Exercise:
Under this line are the records; repeat exactly the lines starting at the one containing "Hi guys, welcome" and ending at the one containing "Text watermarks are", omitting pictures.

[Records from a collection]
══════

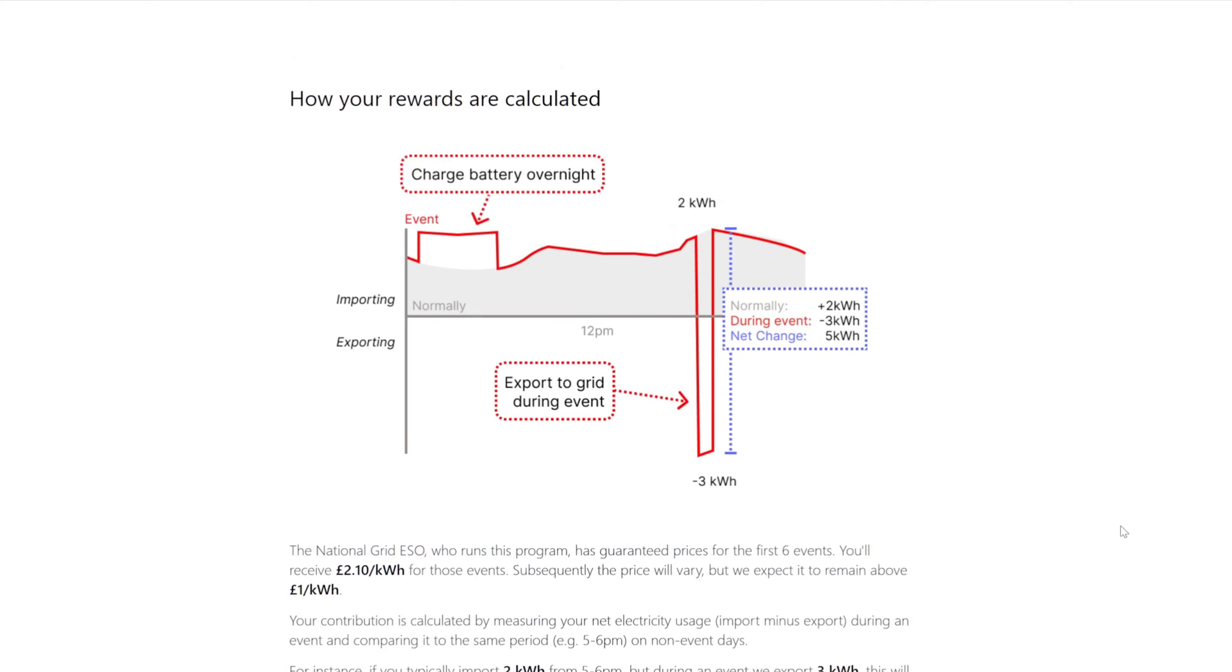We will see how they're calculated. I fairly understand it already but we'll check out the graph. The event happens, charge battery overnight, export to the grid during the event.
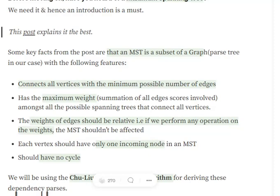So basically there are four major points to consider. One: all vertices should be connected with the minimum possible number of edges. Two: it has either the maximum or minimum weight on summation of all the edge weights — out of all possible spanning trees, whichever has the minimum or maximum is considered the spanning tree. Three: every vertex should be visited just once. Four: there should not be any cycles present.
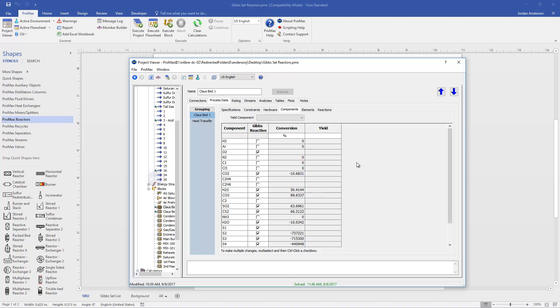I do want to mention that these Gibbs minimization reactors can be used for other applications as well. If you're trying to use this reactor for another application and it doesn't have a predefined Gibbs set, what you can do is just leave it at the default general Gibbs set. Then you would come into this tab and you would choose manually which components are reactive in your case. You could go back and make your own constraints as well. That would allow you to use this Gibbs minimization reactor for other applications.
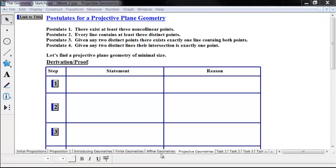Now we're going to look at some postulates for a different type of plane geometry that is also under some study. It's called a projective plane geometry. In this geometry, we have four basic postulates.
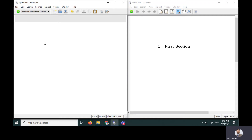Hello everyone, this is Dr. Amit Latigra. In this video I'm demonstrating how to prepare a report using LaTeX. I'm going to use the TeXworks tool to write the LaTeX commands.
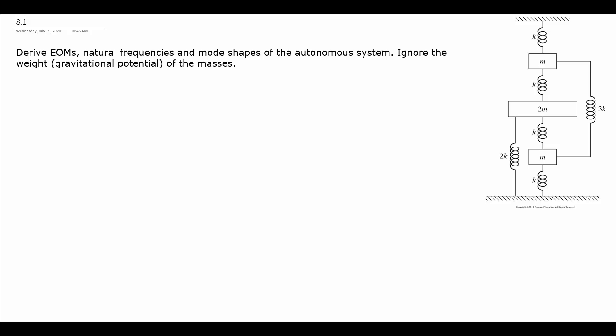In this problem, we are trying to find the equations of motion, the natural frequencies, and the mode shapes for our multi-degree of freedom system. We don't need to find the entire solution, so most of the work will be in our modeling step. We want equations of motion, natural frequencies, which will have multiple, and our mode shapes, which will have multiple.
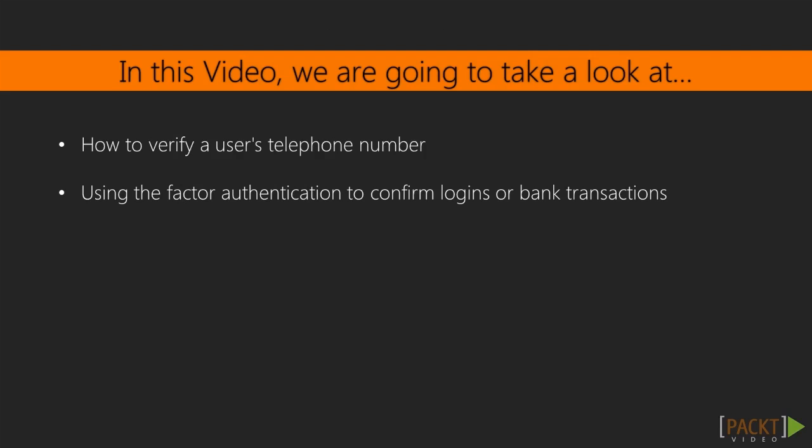A common use case for telephony integration into web applications is verifying a user's telephone number, or alternatively things like two-factor authentication, to confirm logins or bank transactions.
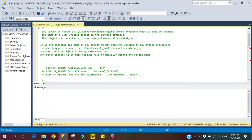Hello guys, today we will discuss how to rename user-created objects in SQL Server. Suppose we have an existing object like a user-created table and we want to rename the table name, column name, or any index on a table column. We can use the sp_rename stored procedure — it is a SQL Server database engine stored procedure used to rename user-created objects.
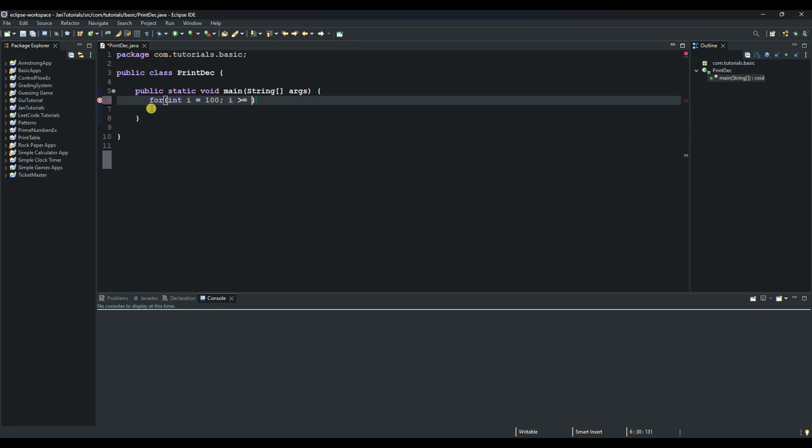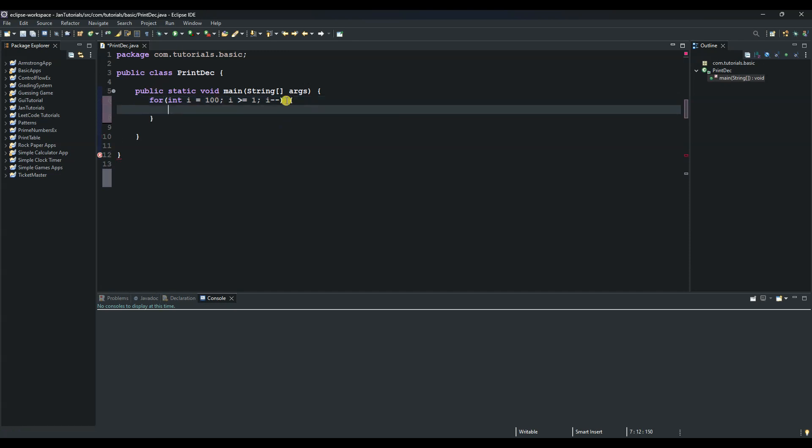to the lowest number, in our case it's one, then decrement i by one. Then we open our code block with the curly braces and just print out the value of i.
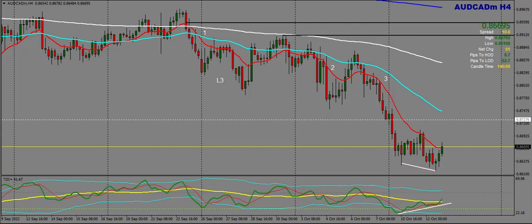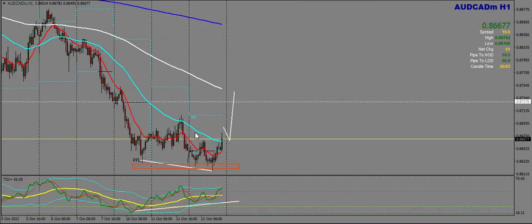On the H4, we have a W formation and divergence, and price seems to be headed to the 50 EMA zone. We are bullish for the moment, expecting price to move up towards the 50 EMA here.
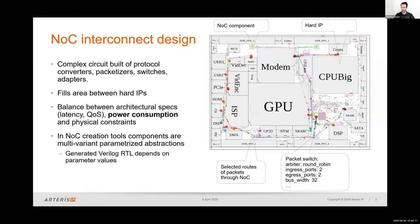A network on chip is comprised of different units: protocol converters and packetizers, which we often refer to as network interface units, as well as switches and adapters. Together, these different units form a set of routes that connect up the different hard IPs through different sets of wires, balancing the various requirements of the SOC.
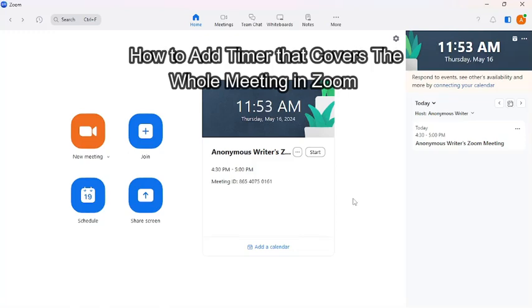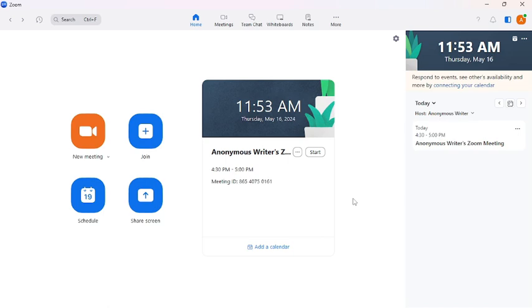Hi guys, welcome back to our channel, Beginner's Guide. Today in this video, I'm going to show you how to add a timer that covers the whole Zoom meeting. To do so, follow some simple steps with me.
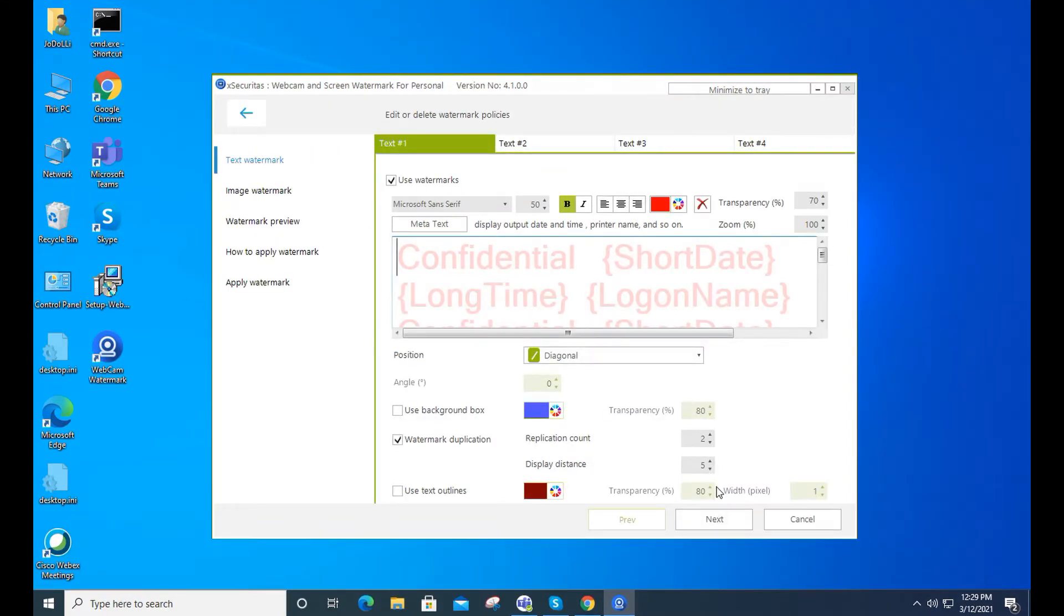Text watermarks are set on this screen. Of course, username, IP address, and date time can be set.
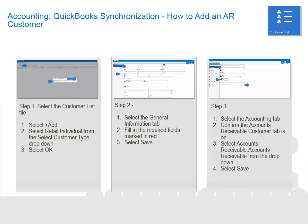To add an AR customer, select the Customer List tile. Select Add. Select Retail Individual from the Select Customer Type drop-down. Select OK. Select the General Information tab and fill in the required fields marked in red. Select Save. Select the Accounting tab, confirm the Accounts Receivable Customer tab is on, select Accounts Receivable from the drop-down, and select Save.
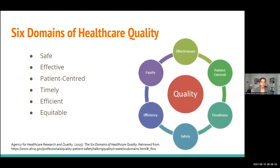There are six domains of healthcare quality: care should be safe, effective, patient-centered, timely, efficient, and equitable. Our healthcare system has faced challenges in providing these domains, and the pandemic has really highlighted some of these challenges to the forefront.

══════

Your solution:
Hi guys, welcome back to our channel, Beginner's Guide. Today in this video, I'm going to show you how to add a timer that covers the whole Zoom meeting. To do so, follow some simple steps with me.
Text watermarks are set on this screen. Of course, username, IP address, and date time can be set.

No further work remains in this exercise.